Personal information
- Nationality: Brazil
- Born: 1 October 1993 (age 32) Nanning, Guangxi, China

Sport
- Sport: Table tennis
- Highest ranking: 87 (1 June 2019)

Medal record
Women's table tennis
Representing Brazil
Pan American Games
| Silver medal – second place | 2015 Toronto | Singles |
| Silver medal – second place | 2015 Toronto | Team |
Pan American Championships
| Gold medal – first place | 2017 Cartagena de Indias | Team |
| Silver medal – second place | 2017 Cartagena de Indias | Mixed doubles |
| Bronze medal – third place | 2017 Cartagena de Indias | Doubles |
Latin American Championships
| Gold medal – first place | 2016 San Juan | Singles |
| Gold medal – first place | 2016 San Juan | Team |
| Gold medal – first place | 2015 Buenos Aires | Singles |
| Gold medal – first place | 2015 Buenos Aires | Doubles |

= Gui Lin =

Brazilian table tennis player

Gui Lin (林桂 (Lín Guì), born 1 October 1993 in Nanning, China) is a table tennis player from Brazil.

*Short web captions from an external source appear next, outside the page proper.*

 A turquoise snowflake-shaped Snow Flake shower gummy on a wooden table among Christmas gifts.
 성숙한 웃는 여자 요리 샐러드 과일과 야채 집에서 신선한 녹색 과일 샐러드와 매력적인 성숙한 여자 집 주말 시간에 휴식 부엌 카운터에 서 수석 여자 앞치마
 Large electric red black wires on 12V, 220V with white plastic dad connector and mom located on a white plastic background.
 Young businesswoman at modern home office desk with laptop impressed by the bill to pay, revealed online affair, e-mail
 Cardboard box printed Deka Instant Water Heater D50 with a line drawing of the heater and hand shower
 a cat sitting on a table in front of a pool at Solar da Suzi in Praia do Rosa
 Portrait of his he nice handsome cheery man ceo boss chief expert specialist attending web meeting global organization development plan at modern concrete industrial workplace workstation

She was naturalized as a Brazilian in 2012 and was selected to be part of the Brazilian National Team competing in table tennis at the 2012 Summer Olympics. She was awarded 2 silver medals in her sport during the 2015 Pan American Games. She currently trains under the supervision of Pan-American Medalist Hugo Hoyama. She also holds Chinese nationality.

==Personal life==
Lin has been living in Brazil since the age of 12 as an exchange student and naturalized Brazilian at the age of 18. She speaks fluent Portuguese and identifies with Brazilian culture, claiming to be "Brazilian at heart from birth". She currently lives in São Bernardo do Campo where she trains with Hugo Hoyama, who, like her, identifies with soccer team Sociedade Esportiva Palmeiras. She held a relationship with soccer player Chen Zhizhao.

==Criticism==
She has been the target of criticism for being selected over Jessica Yamada to be the third player on the Brazilian Team for the 2012 Olympic Games despite being lower-ranked at the time. The Brazilian Team coach argued that his choice for Lin was technical, stating that Lin was currently the best Brazilian player overall and was lower-ranked due to injuries in the previous season, which made her unable to play and consequently dropping positions on the ranking.